Except for those converted, the world will react by either trying to ignore you/isolate you, or persecute you. The notion of a 'culturally engaged' Christianity that the world will tolerate and allow to have a voice is an utter pipe dream.

Regards,
Don Johnson
Jer 33.3

Ben said...

So why try, right?

Don said...

Hi Ben, no, not why try, but try for something the Bible actually commands. That would be faithfully proclaiming the Gospel to a lost culture, no matter what happens. The world might ignore me, might attempt to isolate me, or might persecute me. It doesn't matter. Keep proclaiming.

But be realistic. What the world will not allow you to do is be acceptable.

At least, if you are faithfully proclaiming the Gospel, it won't.

Regards,
Don Johnson
Jer 33.3

Ben said...

Don,

I'm not sure what Gundry is saying that you're actually disagreeing with. Gundry says that we should live in the culture of this world in a manner that is morally separate. I think that is being salt (that has not lost its saltiness) and light (that is not hidden).

Some believers have abandoned the moral separateness and ceased to demonstrate any distinctiveness.
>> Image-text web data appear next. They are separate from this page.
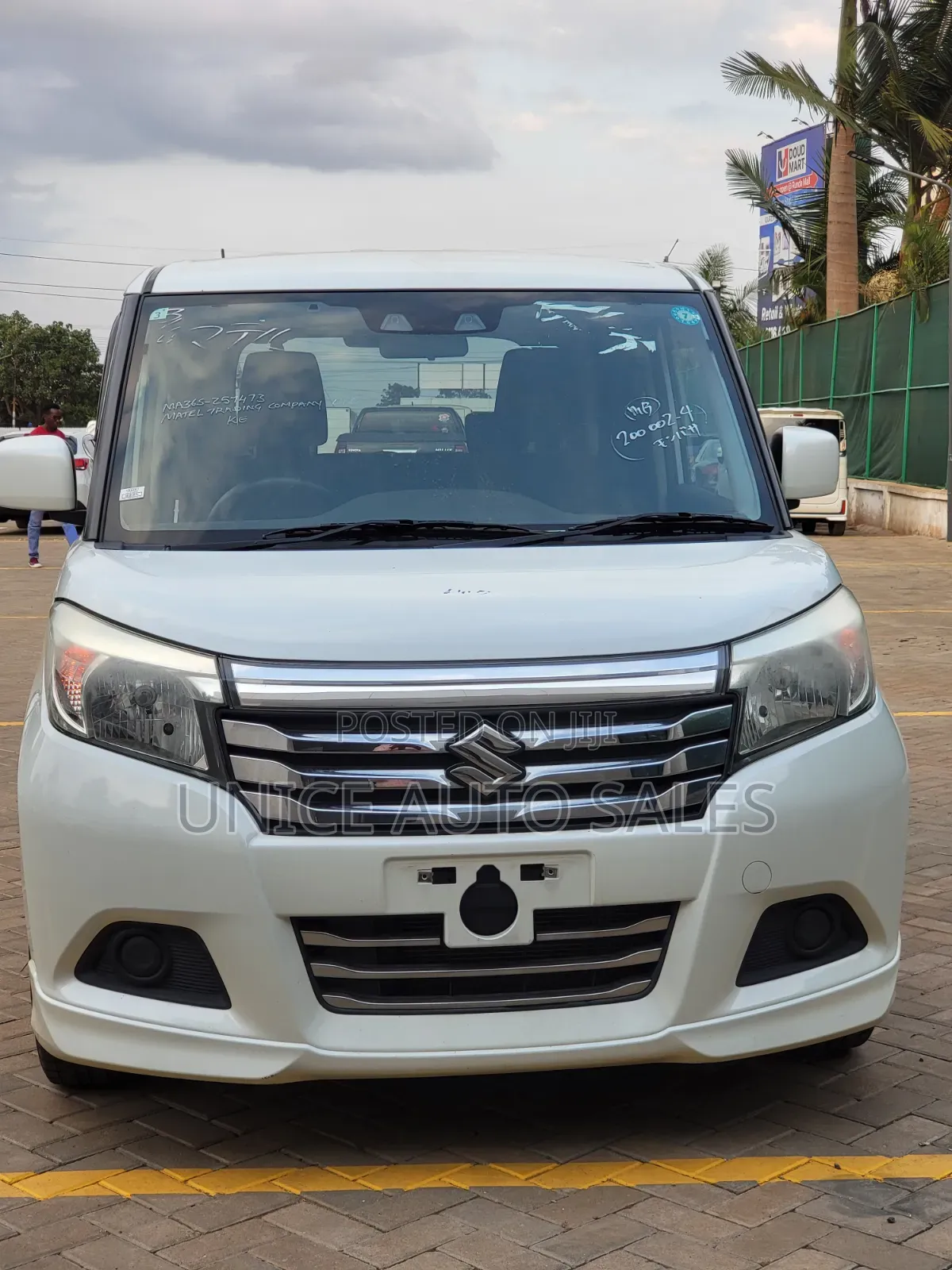 Suzuki Solio 2019 White
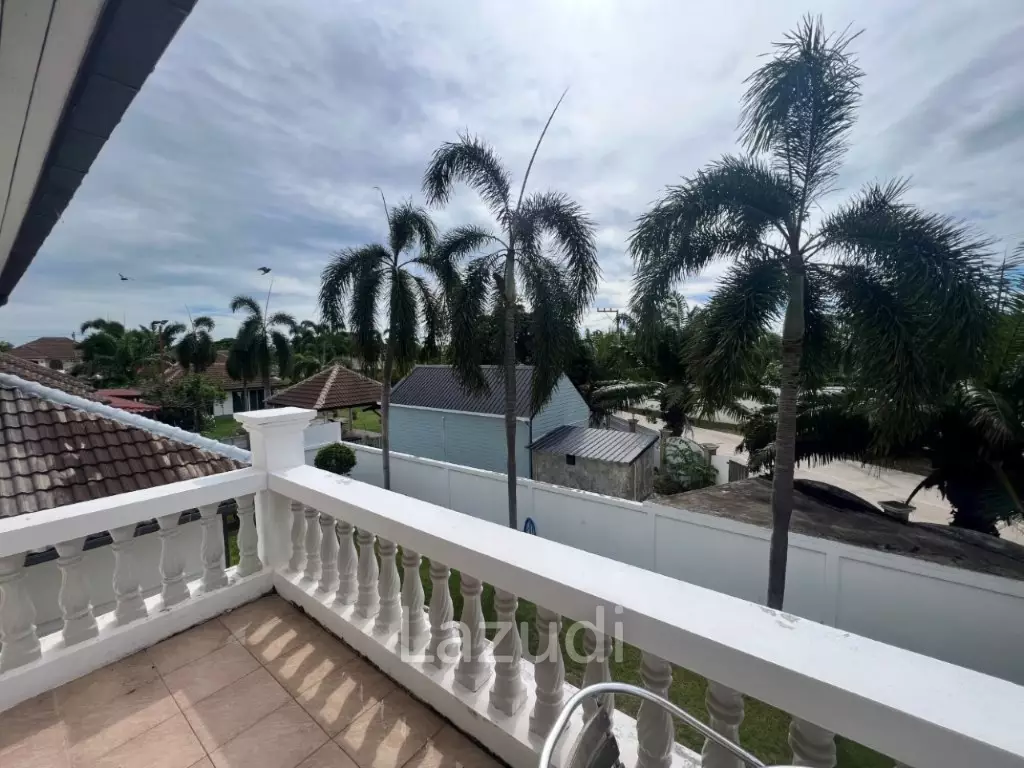 SUNSET VILLAGE 1 : 2 Storey 4 Bed Pool Villa on large corner plot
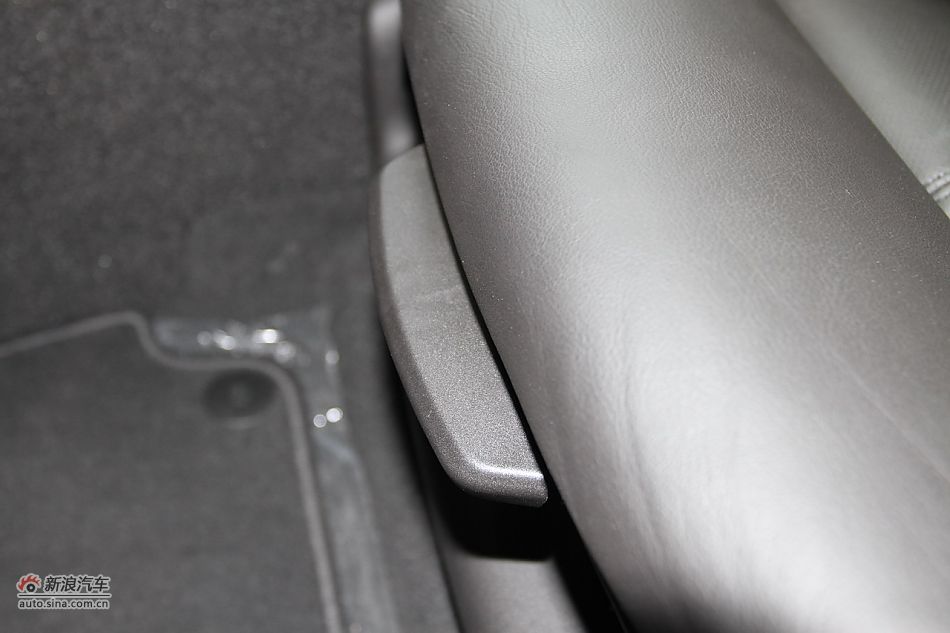 2012款凯迪拉克SRX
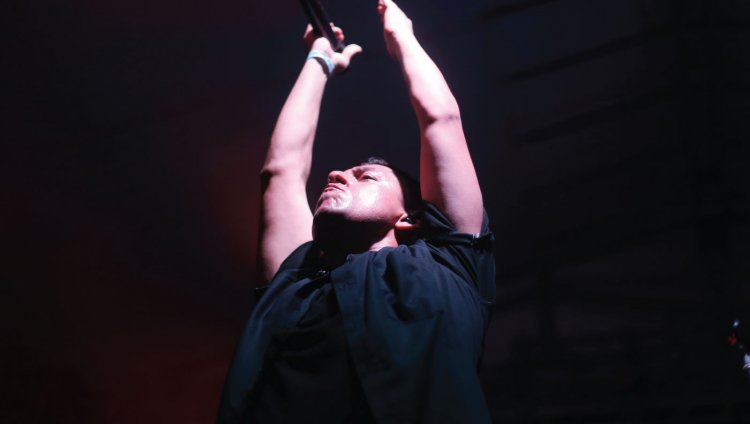 "Suspense" de LosPetitFellas Nicolás Barragán, vocalista de LosPetitFellas. Foto Concierto Radiónica Barranquilla 2016.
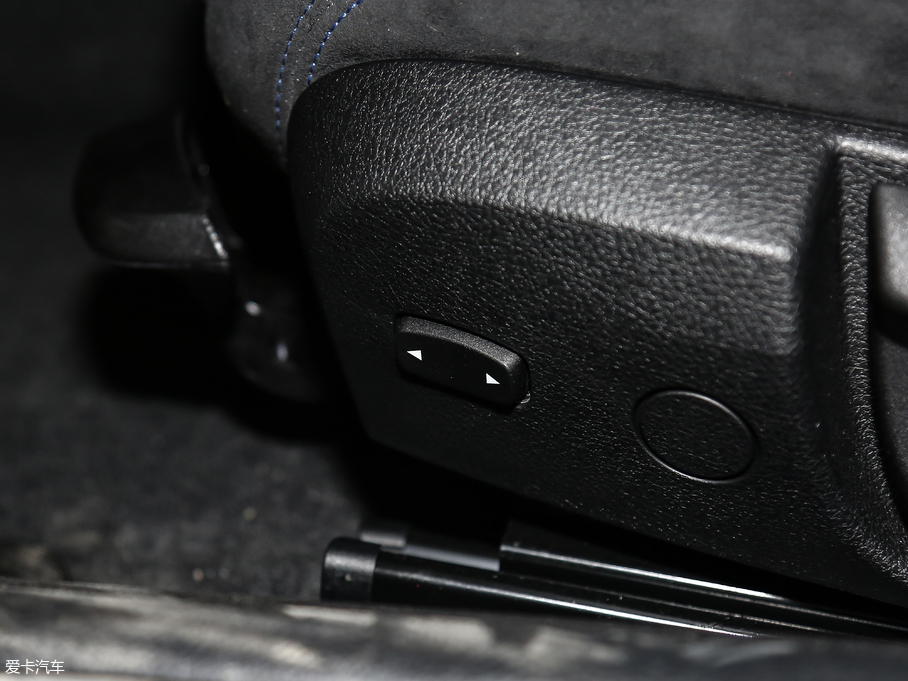 2018R2ϵ 225i M\(yn)(dng)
Others have hidden their light by creating a parallel Christian world that seldom crosses paths with the world where unbelievers live. I see both of these ditches as real problems. Surely you don't disagree with that.

Don said...
This comment has been removed by a blog administrator.
Don said...

Hi Ben

I tried to post agreement with your last comment but it disappeared... But yes, I agree that both the ditches you describe should be avoided.

And I may well be misunderstanding Gundry. Your review makes me want to add his book to my stack of stuff to be read, but your bio makes me worry a little about him also.

Regards,
Don Johnson
Jer 33.3

Ben said...

Don,

I don't think this book will cause you to fall away into errantist redactionism. And it's only 100-ish pages, so you could knock it off in a weekend.